ACTION ITEM
Repeat all the records exactly, omitting pictures.

TASK INPUTS

——

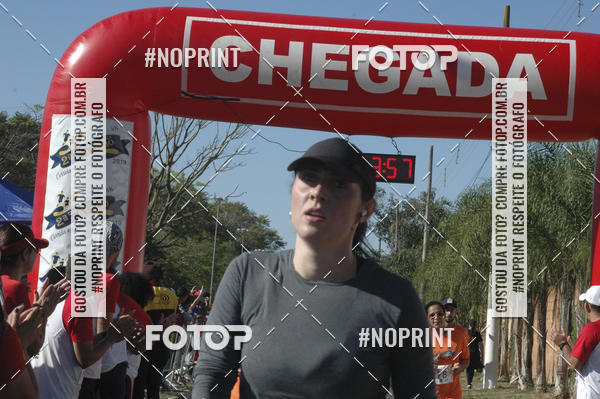 Buy your photos of the event2 Corrida e Caminhada Quebrando o Silncio on Fotop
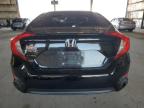 2018 Honda Civic Lx   for Sale in Phoenix, AZ - Front End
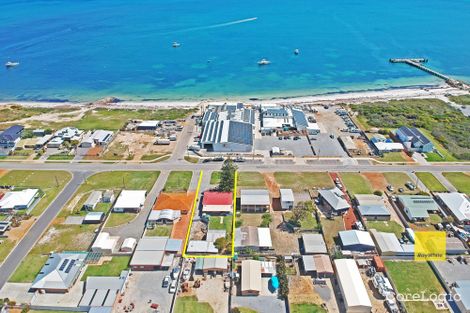 30 Catalonia St, Cervantes, WA 6511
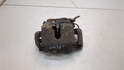 Суппорт Mercedes ML W164 2005-2011 - 21396526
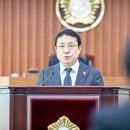 취암동행정복지센터 이미지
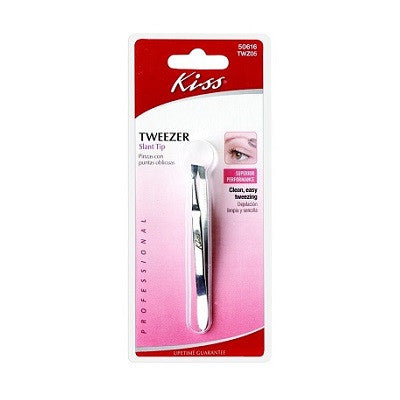 Kiss Tweezers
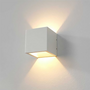 Wandlamp Vigo Up/down wit IP54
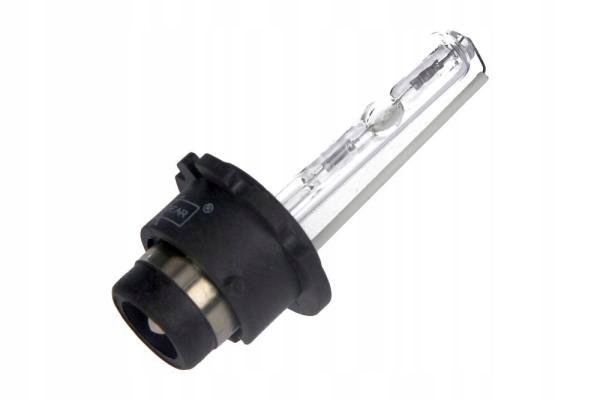 

Żarnik Xenon 12V D2S 35W 85V Maxgear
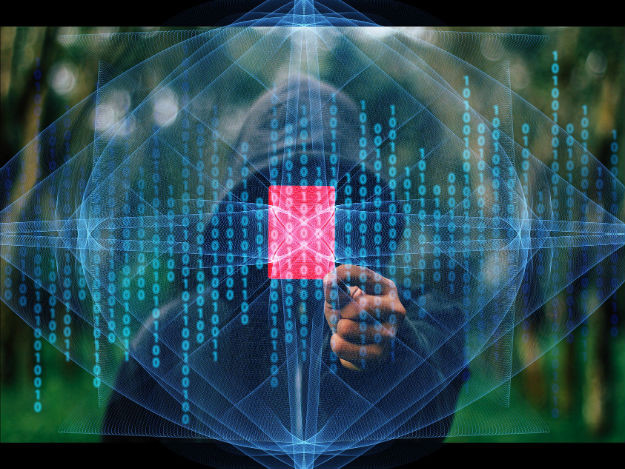 hacker.jpg
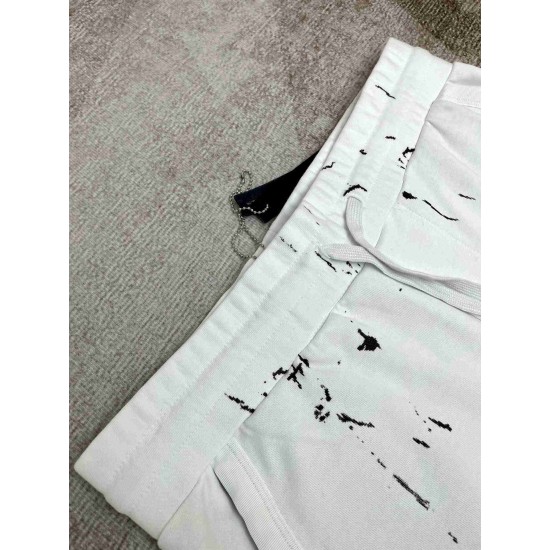 AMIRI Pants AIM0003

——

RESULT OF THE TASK
 Buy your photos of the event2 Corrida e Caminhada Quebrando o Silncio on Fotop
 2018 Honda Civic Lx   for Sale in Phoenix, AZ - Front End
 30 Catalonia St, Cervantes, WA 6511
 Суппорт Mercedes ML W164 2005-2011 - 21396526
 취암동행정복지센터 이미지
 Kiss Tweezers
 Wandlamp Vigo Up/down wit IP54

Żarnik Xenon 12V D2S 35W 85V Maxgear
 hacker.jpg
 AMIRI Pants AIM0003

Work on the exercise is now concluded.